Hay lecturas terriblemente desasosegantes. Por ejemplo, "Canibalism", un libro sobre la costumbre de zamparse a los seres de una misma especie escrito por Bill Schutt, zoólogo del Museo Americano de Historia Natural. La conclusión principal en sus páginas es que el canibalismo, que ordinariamente se percibe como un horror, resulta un hecho perfectamente natural. De tal manera que el propio Schutt se vale de ejemplos variados para explicarlo. El de la garza, sin ir más lejos. Una garza blanca tiene tres polluelos a la vez. Dos, que fueron rociados con un suministro saludable de hormonas cuando todavía eran huevos dentro del cuerpo de su madre, crecen grandes y agresivos. El tercero es pequeño y manso. En un buen año, cuando la comida es abundante, los polluelos más grandes desplazan al más pequeño fuera del nido. Pero si los recursos son escasos, y esos polluelos tienen hambre, se lo comen. Para el autor de "Canibalism", es exactamente la misma estrategia de los botes salvavidas que se lanzan desde el barco cuando este se hunde. Sálvese quien pueda. Al menos, una de las crías sobrevive.

De modo que, para Schutt, autor también de "Dark Banquet", que trata sobre la vida de los murciélagos vampiros, el canibalismo es un comportamiento perfectamente práctico que ha recorrido todas las ramas del árbol de la vida: hermanos que comen a hermanos, extraños que comen a extraños, padres que comen a sus niños, niños que comen a sus padres: un banquete de solidaridad alimentaria entre prójimos. No queda más remedio que pensar en Hannibal Lecter.
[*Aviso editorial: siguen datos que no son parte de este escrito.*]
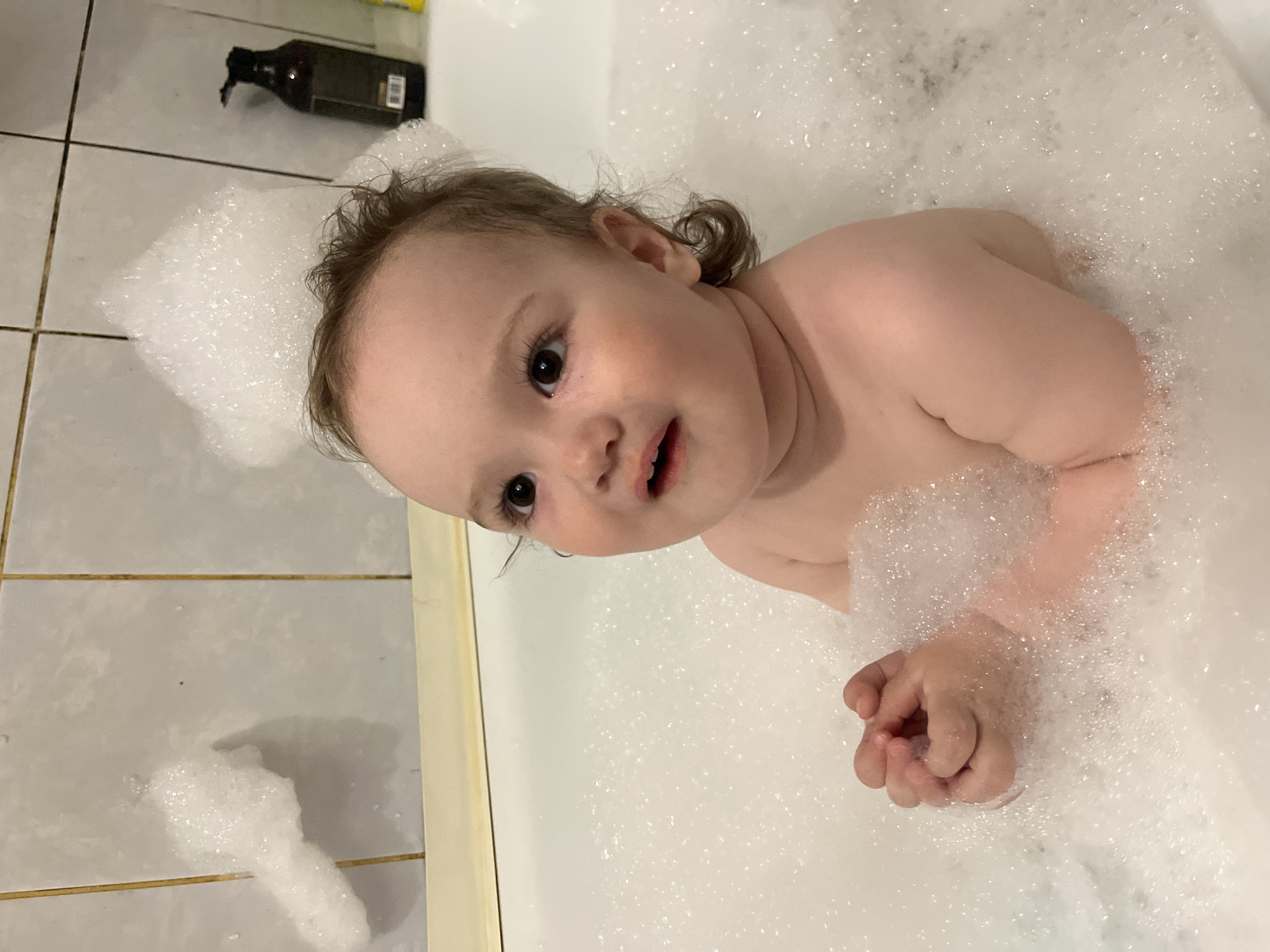 Domestic moments captured: bath time and pastries in Shushary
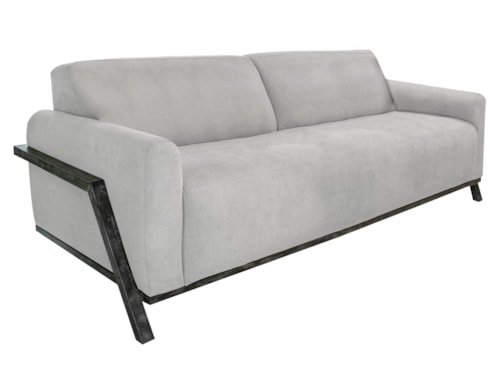 Contemporary Sofa with Throw Pillows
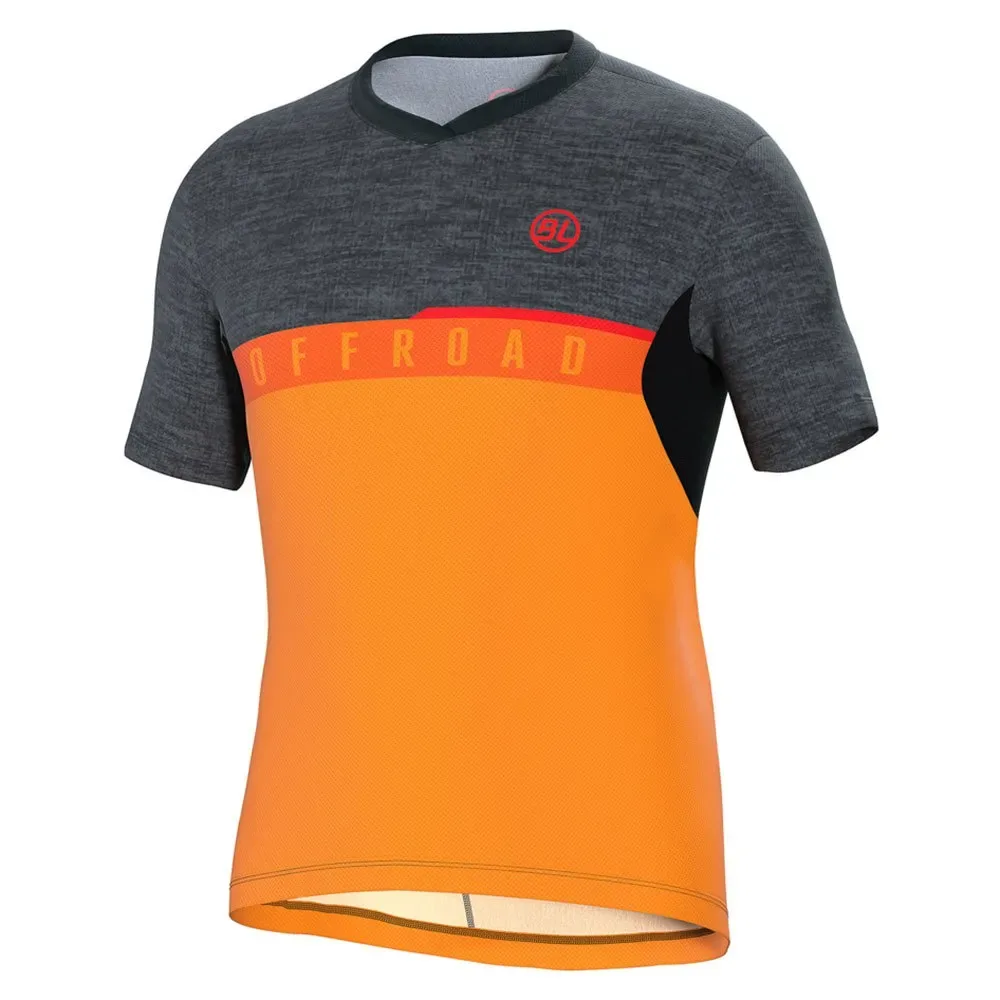 Maglia A Maniche Corte Agordo Orange - Bicycle Line - FashionsVida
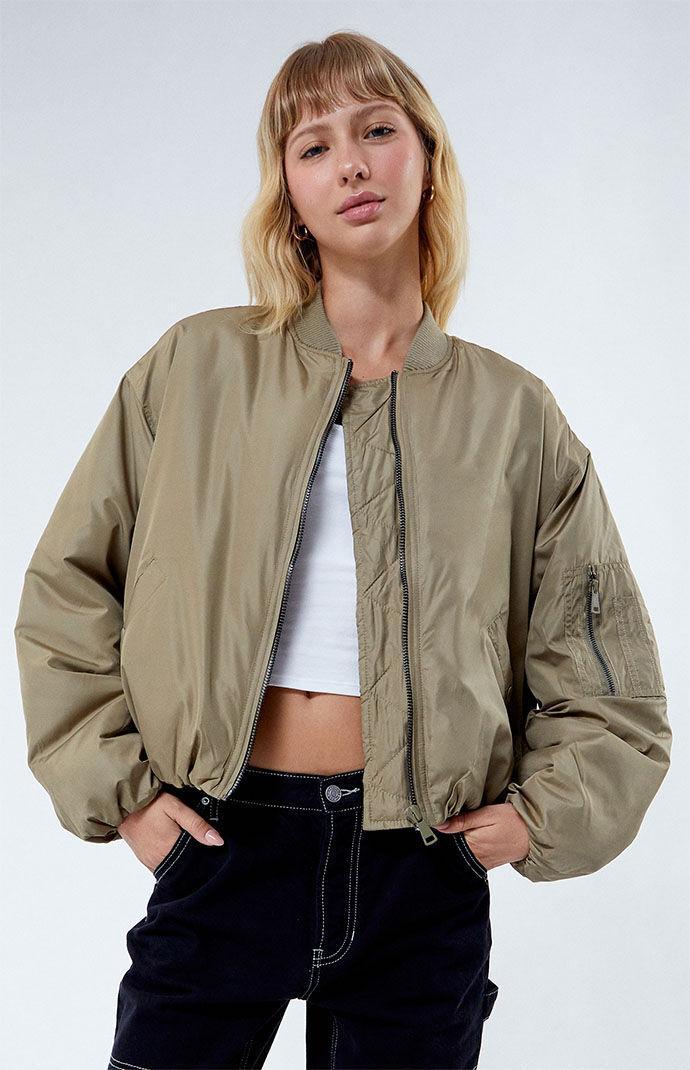 Women's Oversized Bomber Jacket Product Image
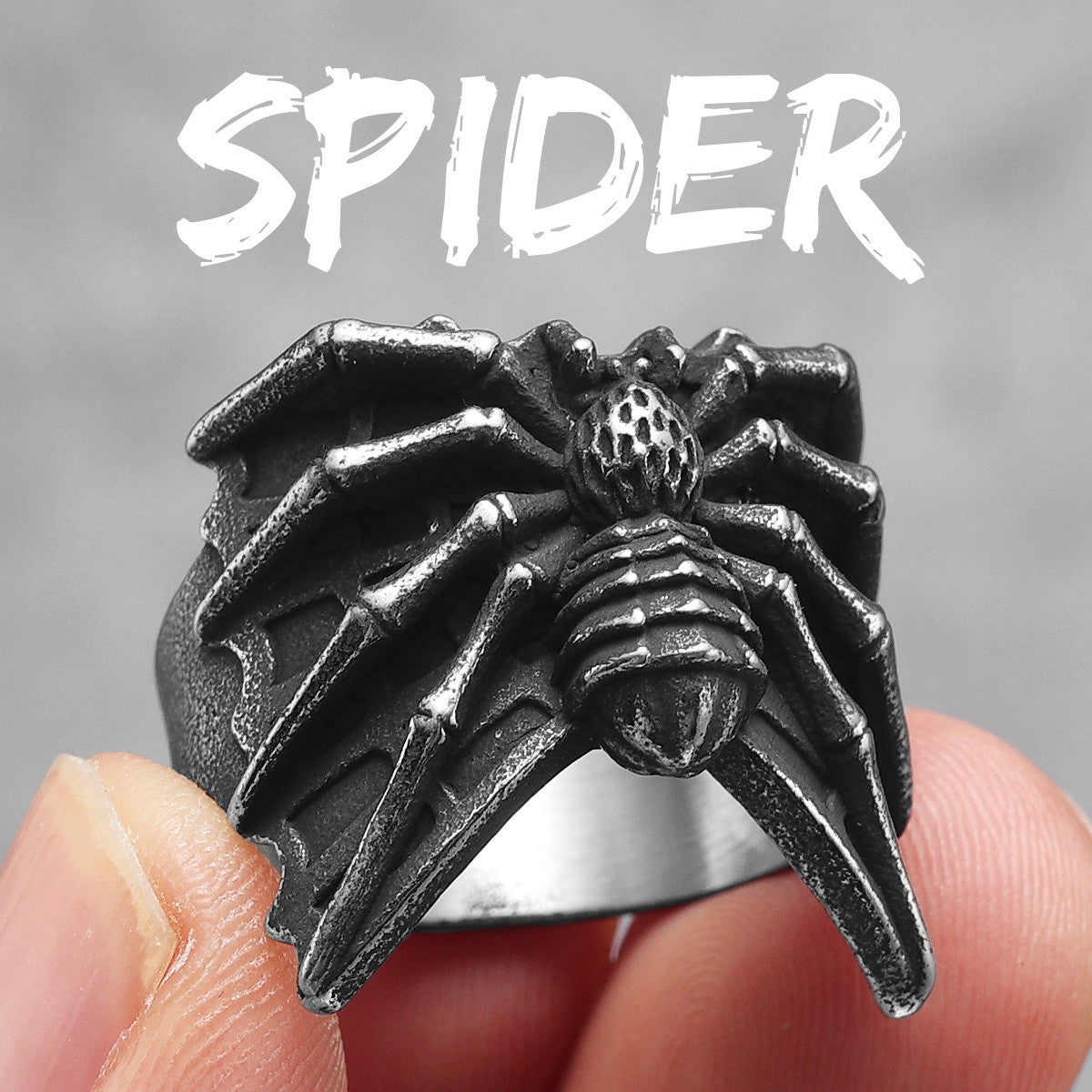 The Spider | 316L Stainless Steel Unique Streetwear Men's Spider Rings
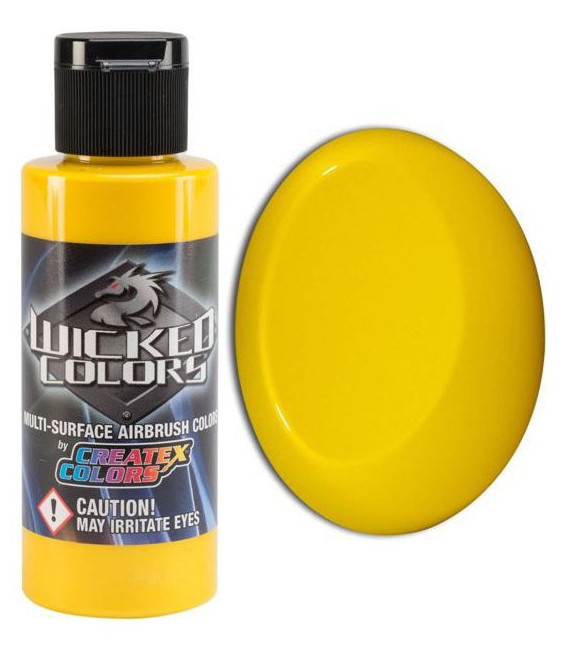W302 Yellow Wicked Pearlized Airbrush painting (60 ml.)
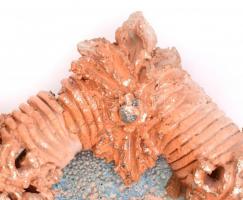 Horváth Anna (1924 - 2005): Madonna. Terrakotta fali dísz. kézzel festett, mázas kerámia. 58x20 cm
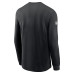 Футболка с длинным рукавом Baltimore Ravens Nike Black Sideline Dri-FIT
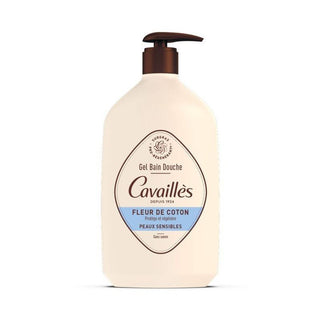 Cavaillès Gel Bain Douche Surgras Fleur de Coton 1L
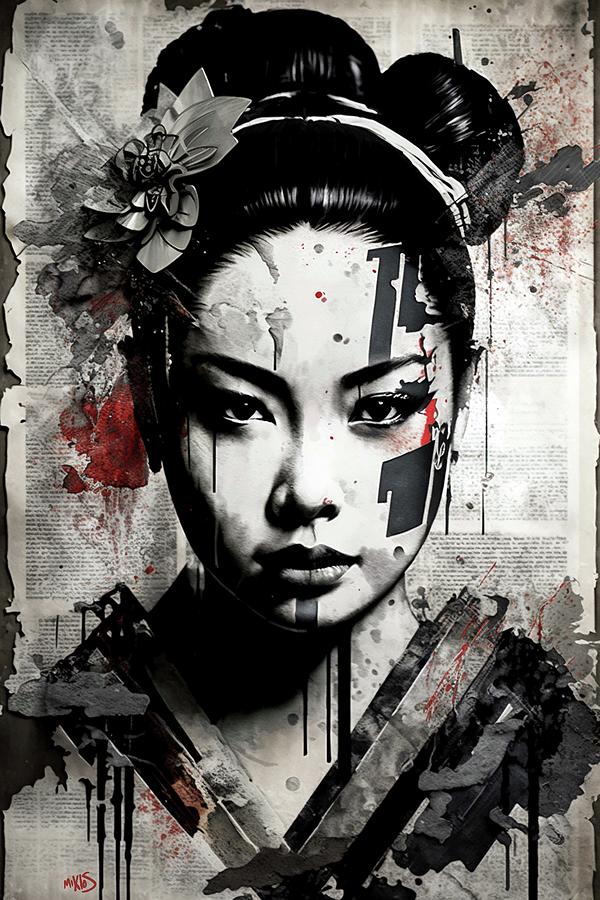 Geisha 13 Digital Art by Tim Miklos - Fine Art America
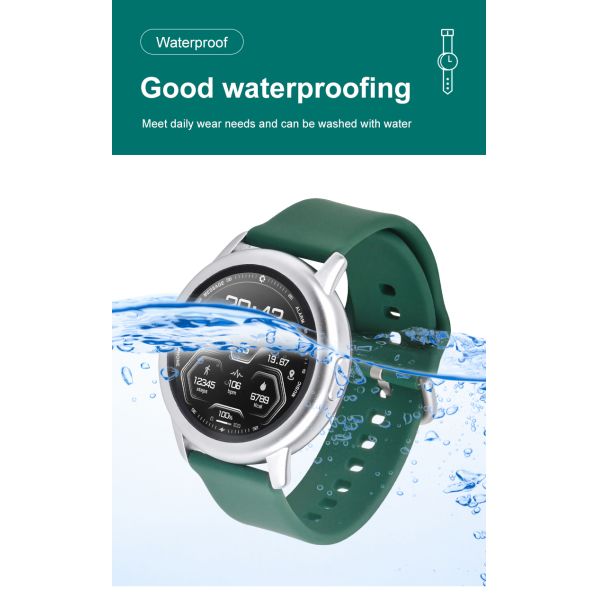 Solid Color Smartwatch Silicone Strap · Silky Smooth Feel | Customizable Logo And Colors - China Wholesaler SHX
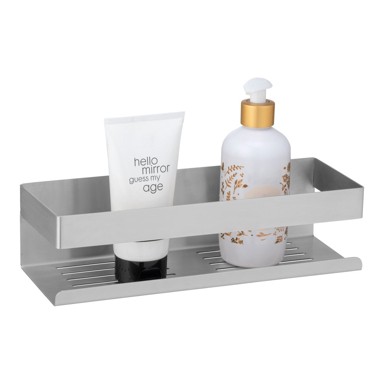 WENKO Kupaonska polica Genova samodržeća inox, mat srebrna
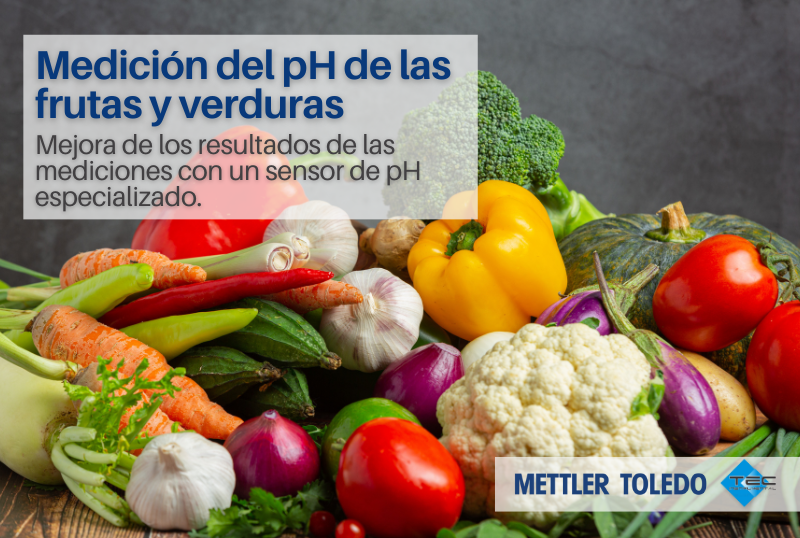 Medición del pH de las frutas y verduras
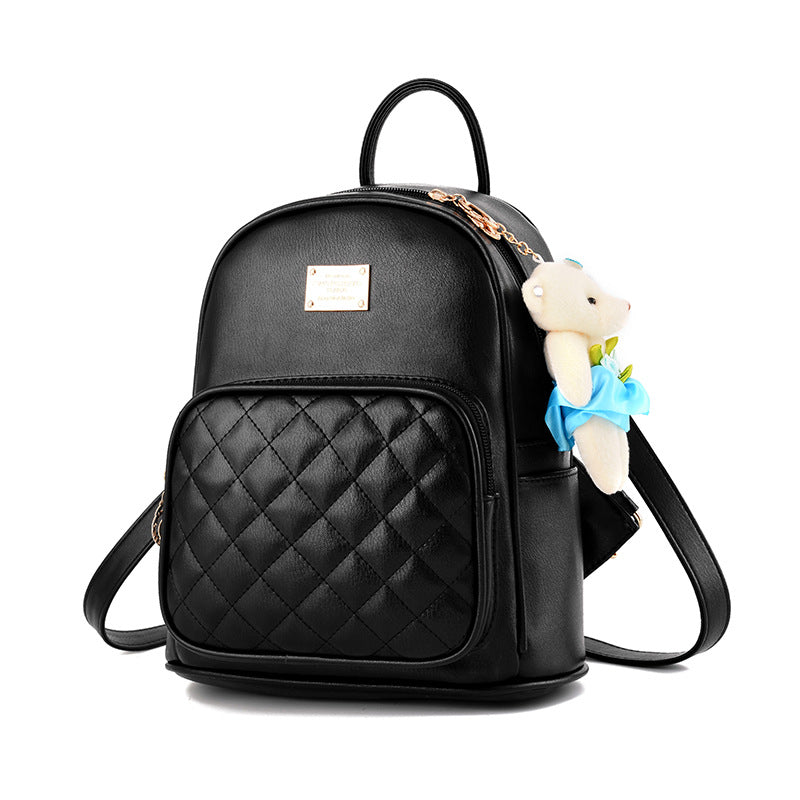 Autumn And Winter New Backpack College Style Casual Backpack Korean Fashion Trendy Ladies Bag Bear School Bag On Behalf Of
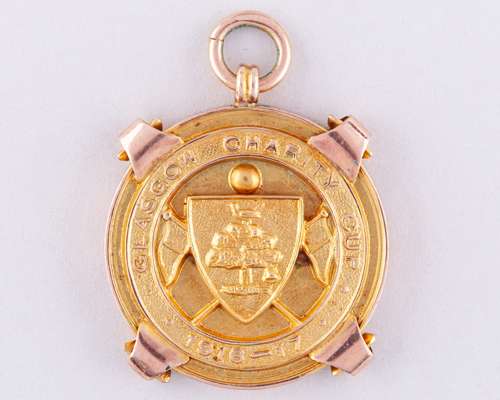 James McMenemy 9ct gold Glasgow Charity Cup medal, 1916-17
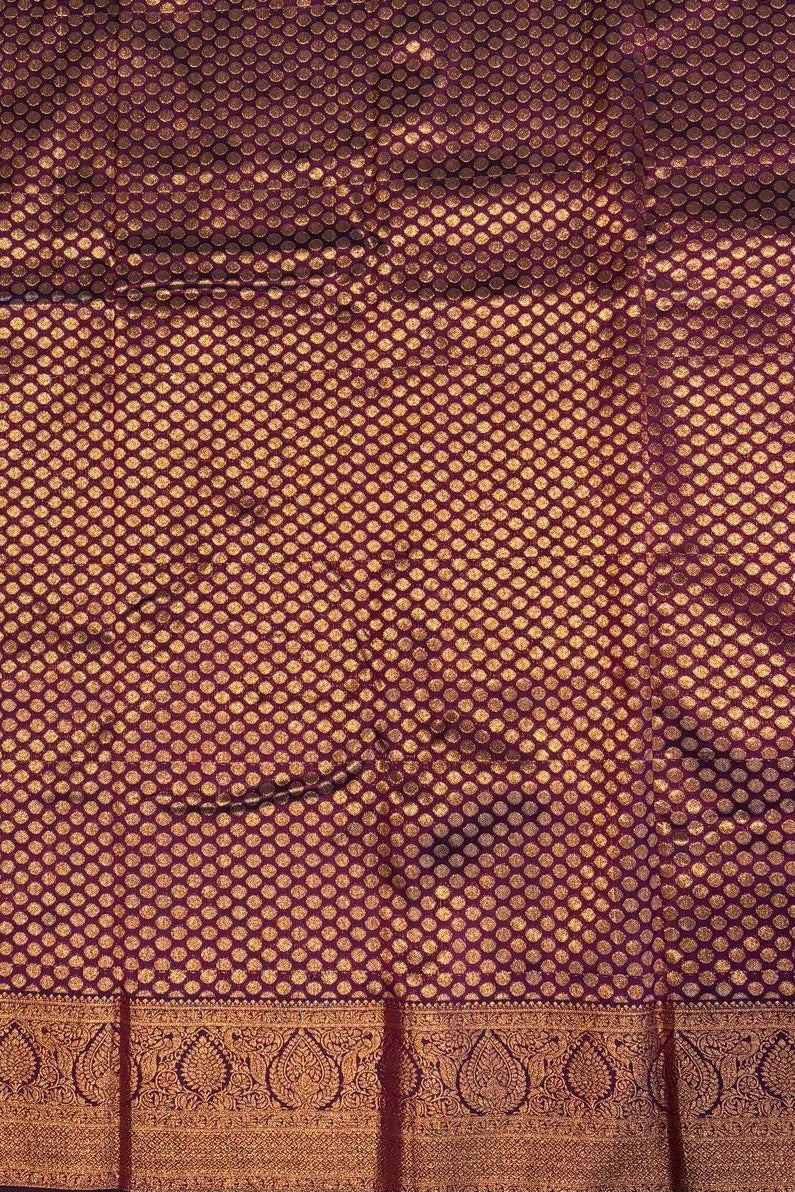 Exclusive Baingan Color Saree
La antropofagia no sólo ha proporcionado literatura y horror, también ha planteado a lo largo del tiempo dudas razonables y no sólo entre los que preconizan, con más cursilería que enjundia, digamos, su sostenibilidad. Biólogo, viajero y escritor, Henry de Varigny decía que comerse a un semejante es absorber una alimentación específica e ideal. Los sueros, parece ser, actúan siempre de un modo más eficaz entre animales de la misma especie. Pero ¿hay algo sostenible en comerse al semejante? "¿Saben bien las chuletas de misionero?", se preguntaba con innegable sentido del humor Julio Camba en "La casa de Lúculo". "¿Qué gusto tiene una excelente sesada de sabio, de ésas preparadas por treinta años de numismática o arqueología?", volvía a preguntarse. Camba concluía que la carne de explorador o de misionero tendría que resultar demasiado correosa para alguien que no sea un caníbal con hambre. Pero ¿y la sesada de sabio?

El canibalismo se representa a menudo como un comportamiento aberrante, pero Schutt va algo más allá en su razonamiento. Según él, los humanos durante largo tiempo han hecho hábito de la antropofagia y no sólo por razones estrictas de necesidad. Algunos renacentistas bebieron sangre humana como medicina, los pobladores de muchas islas del Pacífico comían la carne de los parientes fallecidos como un gesto de dolor. De esa forma, Schutt pretende abonar la teoría de que el canibalismo no se produce únicamente cuando el animal está bajo un estrés extremo. La comparación con el bote salvavidas se aleja del planteamiento troncal cuando al autor le conviene. Pero ello no evita que la idea que primero nos viene a la mente cuando oímos hablar de canibalismo sea la sórdida historia del equipo de rugby uruguayo que, tras estrellarse su avión, se quedó atascado en los Andes en 1972, y cuyos miembros recurrieron a la estrategia de supervivencia de alimentarse con los cadáveres de los fallecidos.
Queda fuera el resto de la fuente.